Omit the pictures, then reproduce exactly the line bearing "Girls Peach Printed" and every line after it up to and including the last line of the entries below.
(Data records)
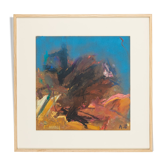 Abstract Composition, Oil on Plate, 73 x 73 cm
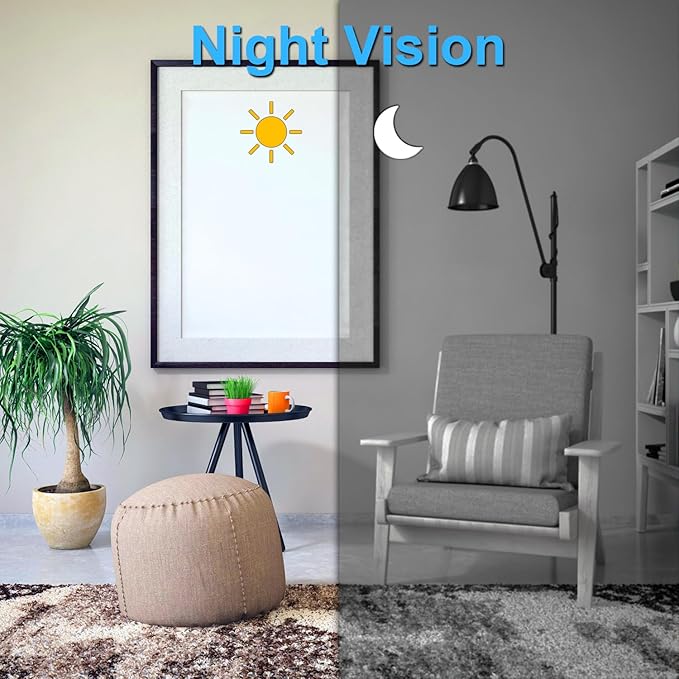 XISRU 64GB Home Security Camera, 1080P Surveillance Camera, Indoor Camera with 10000mAh Battery, Night Vision, Motion Detection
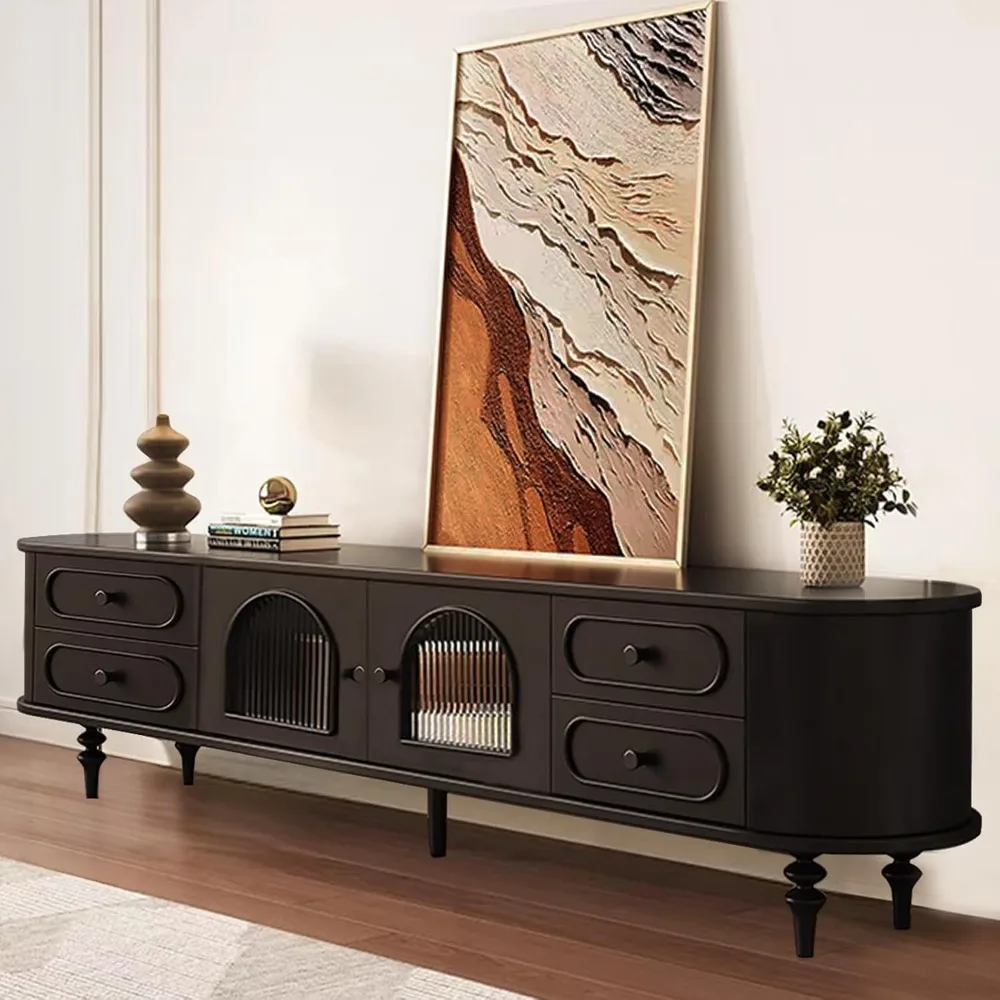 

TV Stand for TVs up to 80 Inch, Modern Entertainment Center with Storage Cabinet and 4 Drawers, TV Media Console Table, Black TV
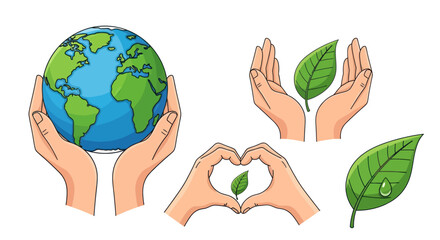 Hands Holding Earth Globe and Green Leaves Eco-Friendly Concept.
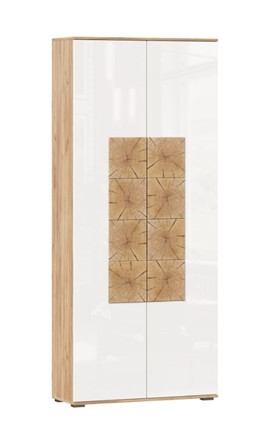 Шкаф двухстворчатый Фиджи с декоративными накладками 659.310, Дуб Золотой/Белый в Йошкар-Оле - изображение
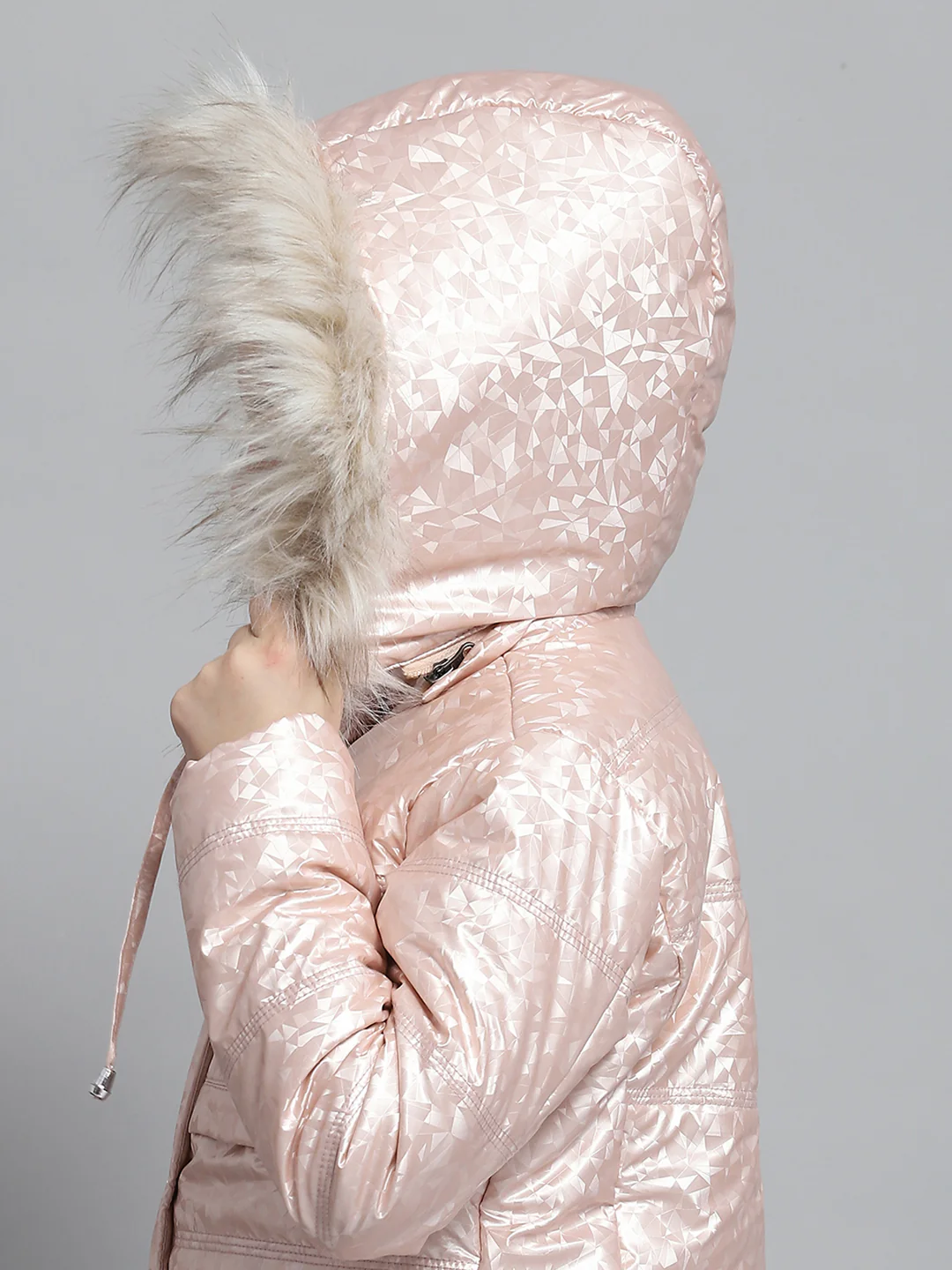 Girls Peach Printed Hooded Full Sleeve Jacket - Image 7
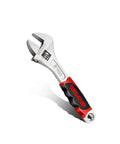 8 Inch Adjustable Wrench Pro Cr V Forged With Anti Slip Grip Crescent Style Hand Tool, red and black TPR handle, smooth worm gear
(End Data records)
Reply ▸
 Girls Peach Printed Hooded Full Sleeve Jacket - Image 7
 8 Inch Adjustable Wrench Pro Cr V Forged With Anti Slip Grip Crescent Style Hand Tool, red and black TPR handle, smooth worm gear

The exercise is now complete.